Examination of Witnesses (Questions 65 - 79)

WEDNESDAY 23 JANUARY 2008

MRS SARAH RHODES, MR MICHAEL DUGGAN AND PROFESSOR DAVE DELPY

  Q65  Chairman: We move on to our second set of witnesses this morning on our inquiry into renewable electricity-generation technologies and we welcome this morning Mrs Sarah Rhodes from BERR, Dr Michael Duggan from BERR and Professor David Delpy, the Chief Executive of EPSRC on behalf of the Research Councils UK. Welcome to you all. I am sorry that we are running a few minutes late but I do intend to finish by 11.25. May I begin, Sarah, with the same question as I asked the previous panel regarding this figure of 20% renewables by 2020. What is the Government's view at the moment in terms of electricity generation? How much electricity will we have to generate from renewables by 2020 to meet your targets and indeed the European targets?

  Mrs Rhodes: We are expecting the Draft Directive to be published today and we are expecting that it will have a target for the UK probably of 15% overall. We will obviously have to wait until we see it in print but that is our expectation. It is also worth recognising that there is a separate target in there of 10% biofuels for road transport, and we are required to meet both.

  Q66  Chairman: Is this specific for electricity generation?

  Mrs Rhodes: No. The 15% is renewable energy. There is a separate 10% within that for road transport and therefore the question that you rightly ask me is, what is the expected percentage share for electricity? We have a fair bit of work to do to work out what we think is the right percentage for electricity but I entirely agree with the views you have had so far that it is somewhere between 30 and 40%; it is a large amount. Electricity is likely to take the larger share of this because although we will want to do a fair bit through heat, it is a very difficult market in which to achieve those kinds of savings.

  Q67  Chairman: Michael and David, do you agree basically with that assessment?

  Professor Delpy: From all the information I have heard and seen to date, yes, I would think that is a reasonable assessment.

  Mr Duggan: I will have seen the same papers that Sarah has.

  Q68  Chairman: In 2006, renewable energy accounted for 4.55% of all electricity generated. Why is the UK implementing its renewables more slowly than other European countries, particularly like Germany and Spain? Why are we so far behind?

  Mrs Rhodes: We have had the advantage and the disadvantage of a ready supply of fossil fuel. We have been an oil and gas producer. Therefore, we have been in a position where we have had a ready supply—

  Q69  Chairman: Germany has had a fair bit of coal, has it not?

  Mrs Rhodes: Yes, absolutely, it has. We have been blessed and now we have to deal with the fact that we need to catch up. We are putting a lot of resource into the question of catch-up and I would say that this is very much a question of sensible investment. This is a question of cost. How do we plan our way most economically to achieve the 20% target? I would also say that this is a question of not just focusing on that immediate 20% target, although it is incredibly important; we also have to look to the wider picture that we will probably have to reduce our carbon emissions by much more in the longer time. At the moment our target is 60% by 2050 though the new Carbon Committee may put us up to 80%. Yes, 2020 matters a lot but let us not also lose sight of the larger picture.
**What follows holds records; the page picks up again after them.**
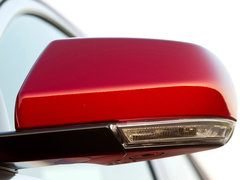 2013款 3.6L AWD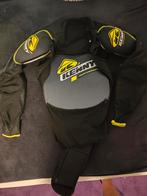 Kenny cross body protector maat small (s), Motoren, Kleding | Motorkleding, Ophalen of Verzenden, Tweedehands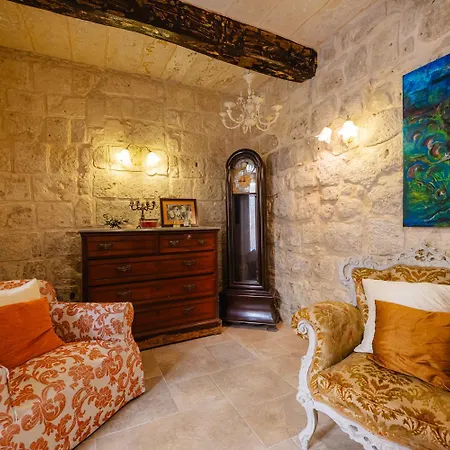 Tranquility Haven 2 Villa Rabat Exterior photo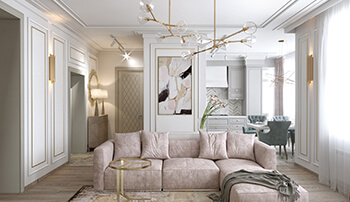 Популярные подборки квартир в Краснодаре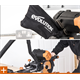 Scie à onglets Evolution R255 DB PLUS v.2020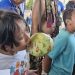 Lomba Kerakyatan Warnai HUT ke-25 Partai Demokrat di Bali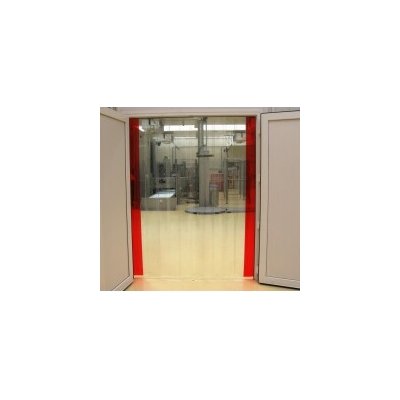 Lamelová clona STANDARD, 300x3 mm, 65 % krytí – Hledejceny.cz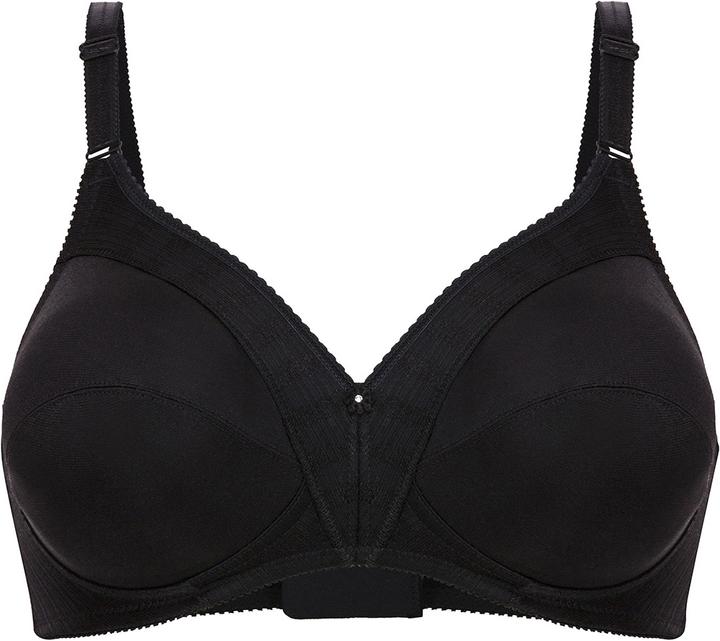 Image du produit Felina Soutien-gorge Weftloc sans armatures (95 E, Une unité par pack)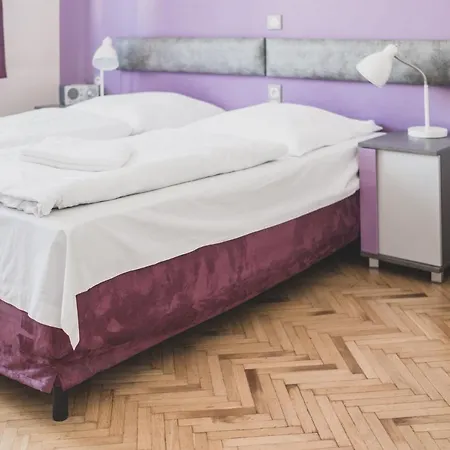 Cybulskiego Guest Pensionat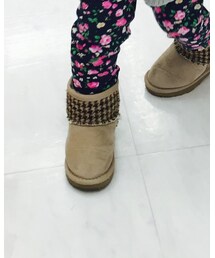 しまむら | ブーツ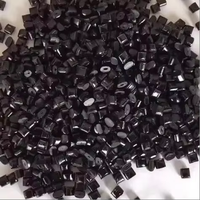 Granulés de plastique technique haute résistance renforcés de fibres de verre PPS OFL-4036 fabriqués en usine
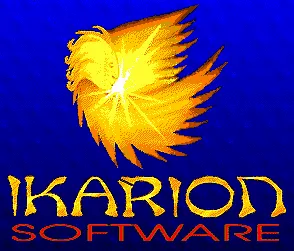 Ikarion Software GmbH logo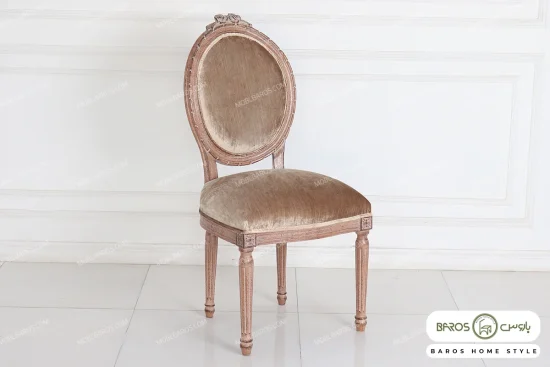 میز ناهار خوری کاجی خرید مبل باروس 49493 (6)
  Q70  Dr Gibson: I get absolutely baffled by figures in this field; I think everybody gets a bit fed up and I am sure that the public do not understand a damn about 20% 10%. Do you not think that confuses the picture and that we need a different language? We have 4.55, we have 20, we have 60 and we have 80 and so on. Do you think that is helpful when the measurement of it is probably inaccurate anyway?

  Mrs Rhodes: You are absolutely right that people need to understand a clear target because behaviours are one of the most important things and behaviours of us as consumers, individuals and organisations, is terribly important to reaching whatever our targets are. So, yes, but this is a picture that moves constantly. The science is moving, the evidence is moving and the policy is moving. So, yes, you are right, we do have to find a way of communicating that really effectively.
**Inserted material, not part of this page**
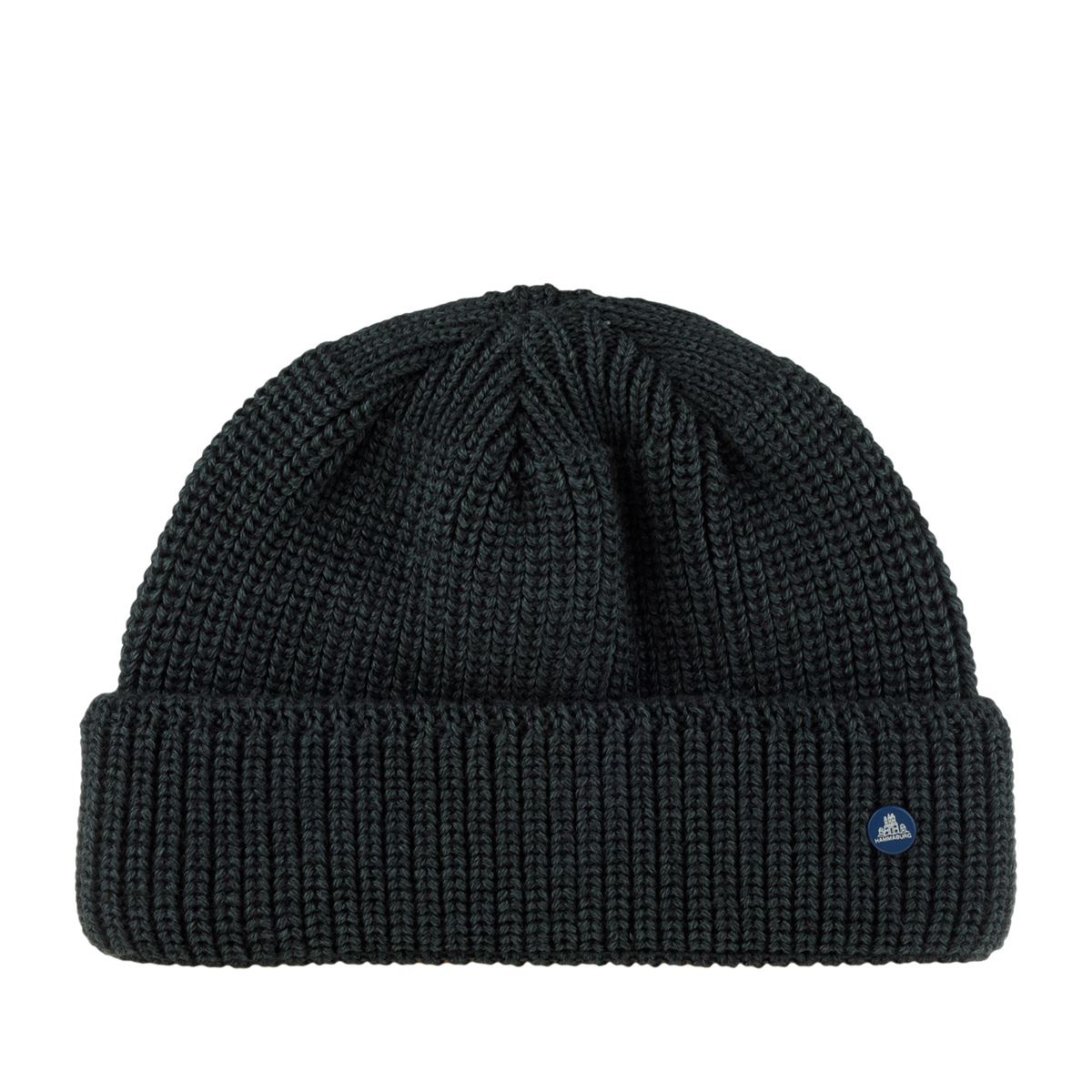 Шапка HAMMABURG арт. 8599329 BEANIE (серый)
  Q71  Chairman: There are that many figures being bandied around that it is difficult for this Committee to get a grip of it and we have actually decided that we want to do this inquiry. I see communicating it more broadly is difficult and you have introduced new figures today which are coming out of the European Directive. Professor Delpy, wind has been a very, very important part of actually meeting these targets as far as the UK is concerned. The British Wind Energy Association suggested that new investment in terms of wind technologies would in fact decline after 2012. Is that a huge concern?

  Professor Delpy: I think that one has to distinguish between the wind base that is going to be installed now and the technology has already been developed. The Research Councils are funding developments that will come on stream in I would say at best in six to seven years' time, reality often in ten to 20 years' time. The research that we are funding in the wind turbine area relates to probably the offshore aspect of wind turbines where there are particular problems which have not yet really been successfully answered and a tremendous amount of work in modelling of wind turbines and airflows in order to both maximise efficiencies and to deal with the large variation that I think Dr Gibson mentioned that occurs in the load factor that wind turbines experience.
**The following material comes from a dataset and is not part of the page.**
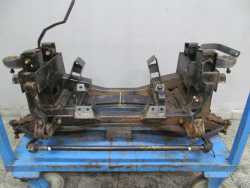 NISSAN CABSTAR MAXITY NT400 WOZEK SANKI BELKA KOLYSKA TRAWERS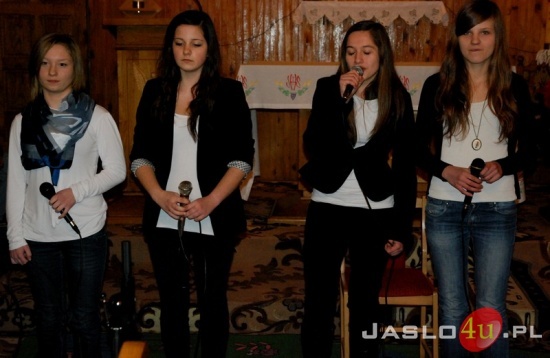 Dla Oliwki. Koncert charytatywny w Foluszu fot. Ilona Czarnecka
  Q72  Chairman: Is it not all to do with the Renewable Obligations and the fact that we do not know what is going to happen after 2012? Is that not one of the core issues in actually trying to give the industry some sort of sense of security to actually make long-term investments? After all, 2012 is only four years away.

  Professor Delpy: It is and, as I say, I am not sure that you are actually asking the right person because I suspect that these are issues that relate to regulation, to fiscal policy and to local planning policy rather than to basic research. If the Research Councils have an obligation there, I think it is to ensure that we have a supply of engineers and scientists who can in fact support the industry.

  Q73  Chairman: If you cannot answer it, obviously the man who is responsible for regulation is in front of us, so he will be able to answer it.

  Mr Duggan: The Renewables Obligation was brought into effect in 2002 as a 25-year instrument. Most of these projects that come, wind farms and the like, have investment periods and payback periods of the order of 15 years and only a bit on individual business models, and clearly an instrument which ends in 2027 will start to run out of impact between the 2010 and 2015 period.

  Q74  Chairman: What are you doing about it?

  Mr Duggan: That time has started to approach within a sort of reasonable policy timescale at about the same time as the 2020 target has come up, so clearly the consultation that will take place on the 2020 target, one of the things we will have to do is consider what it is that we do as the next step, either in extending the Renewables Obligation or in adding to the Renewables Obligation, to bring on increased investment over that kind of timescale from 2010 onwards.

  Q75  Chairman: Come on, you are advising the Government. What is your view?

  Mr Duggan: I think the interesting thing is that the Renewables Obligation was set up, as I said, really in the context of an attempt to reach renewables targets around 2010. I think that moving to a hard 2020 target and a much later target requires quite a major review of what we should do. A lot has been said about feed-in tariffs, for example. My view is that feed-in tariffs are not the kind of silver bullet that they are sometimes regarded as. The changes we are making in banding the Renewables Obligation will significantly increase its efficiency and make it a much more flexible instrument, so I think that extending the Renewables Obligation would certainly be one major policy option that we will be considering.

  Q76  Chairman: Giving out more ROCs does not in fact achieve anything unless there is a value to them and in fact investors can actually see that there is a long-term investment value to those and that is one of the big problems, is it not?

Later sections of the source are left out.